__INSTRUCTIONS TO FOLLOW__. Check each line of the records below for the word "orange" and copy those where it appears.

__PROVIDED ENTRIES__.
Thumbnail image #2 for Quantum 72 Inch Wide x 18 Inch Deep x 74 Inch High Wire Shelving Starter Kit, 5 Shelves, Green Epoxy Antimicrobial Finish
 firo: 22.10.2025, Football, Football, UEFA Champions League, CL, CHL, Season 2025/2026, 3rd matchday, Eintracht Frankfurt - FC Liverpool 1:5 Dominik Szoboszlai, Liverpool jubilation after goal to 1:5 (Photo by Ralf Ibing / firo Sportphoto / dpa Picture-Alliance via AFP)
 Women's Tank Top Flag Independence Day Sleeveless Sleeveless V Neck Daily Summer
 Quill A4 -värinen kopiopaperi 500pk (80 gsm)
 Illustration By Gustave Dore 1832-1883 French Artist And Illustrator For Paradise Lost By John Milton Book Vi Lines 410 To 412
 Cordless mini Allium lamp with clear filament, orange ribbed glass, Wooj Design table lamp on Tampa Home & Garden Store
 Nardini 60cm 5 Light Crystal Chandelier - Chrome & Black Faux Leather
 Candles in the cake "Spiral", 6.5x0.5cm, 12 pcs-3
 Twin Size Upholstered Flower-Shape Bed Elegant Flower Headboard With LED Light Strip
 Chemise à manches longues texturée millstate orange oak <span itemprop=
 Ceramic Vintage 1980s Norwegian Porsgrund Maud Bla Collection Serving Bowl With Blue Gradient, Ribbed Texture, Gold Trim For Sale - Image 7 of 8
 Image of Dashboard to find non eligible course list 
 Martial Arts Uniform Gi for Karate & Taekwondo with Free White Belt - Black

__RESULT FOR THIS TASK__.
 Cordless mini Allium lamp with clear filament, orange ribbed glass, Wooj Design table lamp on Tampa Home & Garden Store
 Chemise à manches longues texturée millstate orange oak <span itemprop=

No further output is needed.